Change the default to your actual configuration.

Last but not least execute the following command to make gnarwl work:

chown -R vmail:vmail /var/lib/gnarwl/

This concludes the gnarwl configuration.
Step 7: Bringing It All Together And Making It Work

The following command will put into effect the configurations we made before:

/etc/init.d/apache2 stop
/etc/init.d/apache2 start
/etc/init.d/postfix/stop
/etc/init.d/dovecot stop

First we restart postfix:

/etc/init.d/postfix start

We need to do this in order to have the following directory created:

/var/run/dovecot/login

Now we need to make new ssl certificates for Dovecot:

dpkg-reconfigure dovecot-common

If the directory /var/run/dovecot and /var/run/dovecot/login don’t exist the reconfigure command above will produce errors complaining that the directories do not exist.

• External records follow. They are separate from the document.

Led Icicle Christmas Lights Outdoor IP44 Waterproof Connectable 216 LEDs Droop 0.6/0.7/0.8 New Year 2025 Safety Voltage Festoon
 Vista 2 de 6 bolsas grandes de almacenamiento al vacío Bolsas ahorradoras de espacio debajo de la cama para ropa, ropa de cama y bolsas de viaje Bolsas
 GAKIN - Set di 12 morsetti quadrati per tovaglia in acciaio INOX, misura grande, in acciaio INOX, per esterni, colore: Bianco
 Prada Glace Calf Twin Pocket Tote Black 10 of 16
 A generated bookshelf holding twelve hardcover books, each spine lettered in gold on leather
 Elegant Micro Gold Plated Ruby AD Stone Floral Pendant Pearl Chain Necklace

In that case just create them. And re-run the command above.

Now we can start Dovecot:

/etc/init.d/dovecot start

You can now browse to http://example.tld/phamm

Log in with the user admin and your OpenLDAP password.

You should now be able to create domains and users.

One more thing: since phamm doesn’t actually delete users and / or domains, we need to enable the cleaner.sh that comes with phamm.

cp /var/www/tools/cleaner.sh /home/vmail/.

Edit the file to your settings, but set the BINDDN to BINDDN=”cn=admin,dc=example,dc=tld” for the script to work correctly.

Now we add a crontab to run the script periodically:

crontab -e

And insert the following:

30 * * * * /home/vmail/cleaner.sh

Well everything should be up and running now.